Mark Lee Dickson, the director of Right to Life of East Texas, who has encouraged people to take action and offered to recommend lawyers, is also named as a defendant.

In a Facebook post Tuesday, Dickson wrote, “The only thing more ridiculous than this lawsuit is the fact that we have people, right here in Texas, who are fighting to end the lives of innocent unborn children.”

Texas Gov. Greg Abbott (R) signed the legislation in May and celebrated what he called a victory for Texans.

“Our creator endowed us with the right to life, and yet millions of children lose their right to life every year because of abortion,” Abbott said at a closed-door ceremony. “In Texas, we work to save those lives. That’s exactly what the Texas Legislature did this session.”

Supreme Court to review Mississippi abortion law that advocates see as a path to diminish Roe v. Wade

The lawsuit comes as abortion opponents have passed state regulations and are eyeing a more conservative Supreme Court to reexamine Roe v. Wade’s guarantee of the right to choose an abortion.
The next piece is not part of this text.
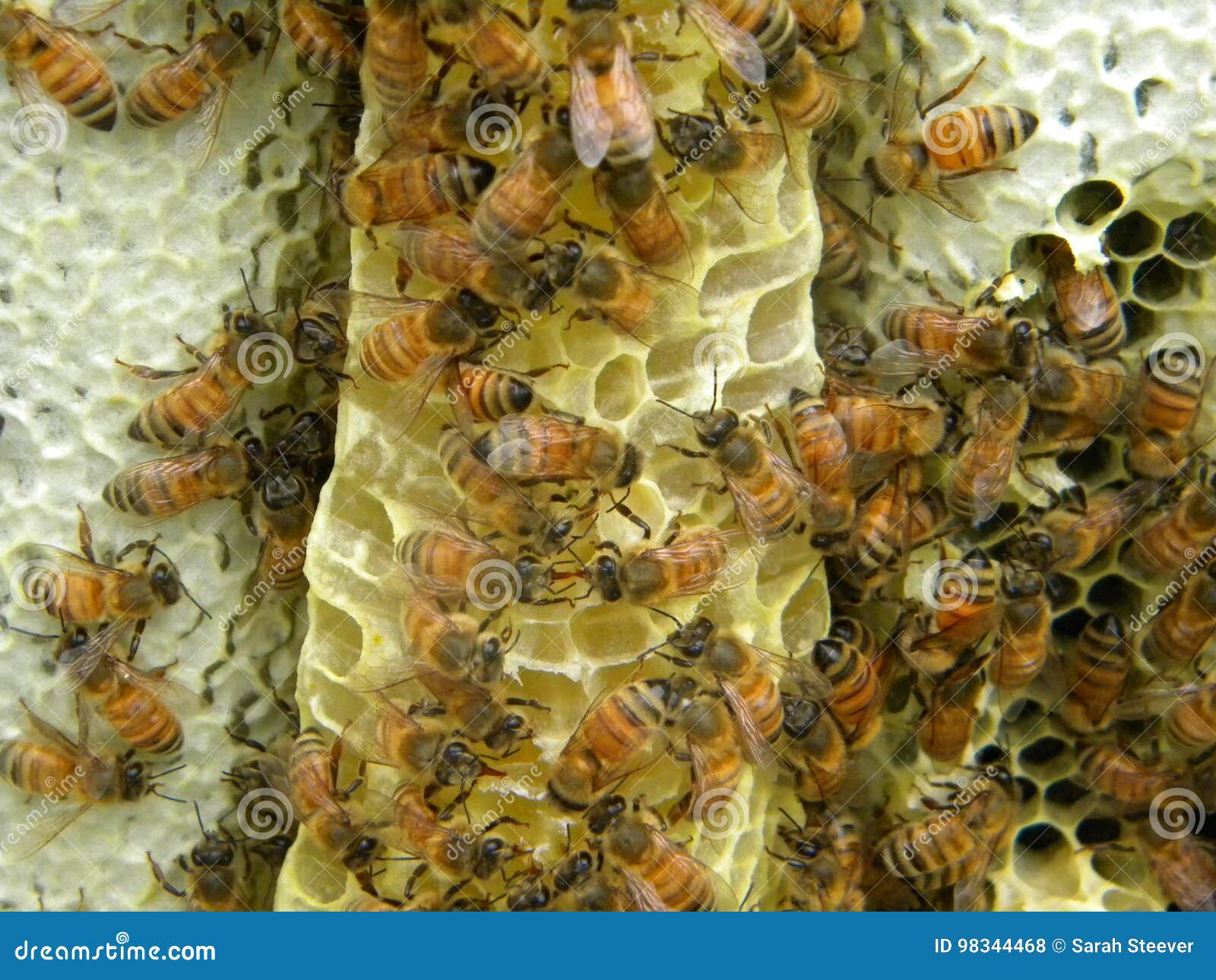 Bees on burr comb stock photo. Image of inspecting, baby 98344468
The justices announced in May that they will review a restrictive Mississippi law that would ban almost all abortions after 15 weeks of pregnancy. In taking the case, the court said it will examine whether “all ­pre-viability prohibitions on elective abortions are unconstitutional.”

Before the Texas measure passed this spring, more than 300 lawyers in the state, including former judges and law professors, wrote to legislators raising constitutional concerns.

They urged the lawmakers not to “weaponize the judicial system” by exempting these lawsuits from “the normal guardrails that protect Texans from abusive lawsuits and provide all litigants a fair and efficient process in our state courts.”

Opponents of the law also say it will disproportionately affect Black and Hispanic communities and low-income women who already encounter barriers to health care. Nationally, 3 out of 4 abortion patients are poor or have low incomes and struggle to cover the cost of the procedure, transportation to a clinic or child care, according to the lawsuit. Data compiled by the state indicates that nearly two-thirds of all abortions performed in Texas during the past five years involved Black and Hispanic women.

Marc Hearron, senior counsel for the Center for Reproductive Rights, said that if the measure is not blocked before September, the potential lawsuits will force doctors and health clinics to spend time and money defending themselves in court and put providers at risk.

The law “allows any ideologically motivated party out there to bring a case across the state,” Hearron said. Lawmakers, he said, intended to “distract and prevent providers from being able to provide constitutionally protected health care to their patients.”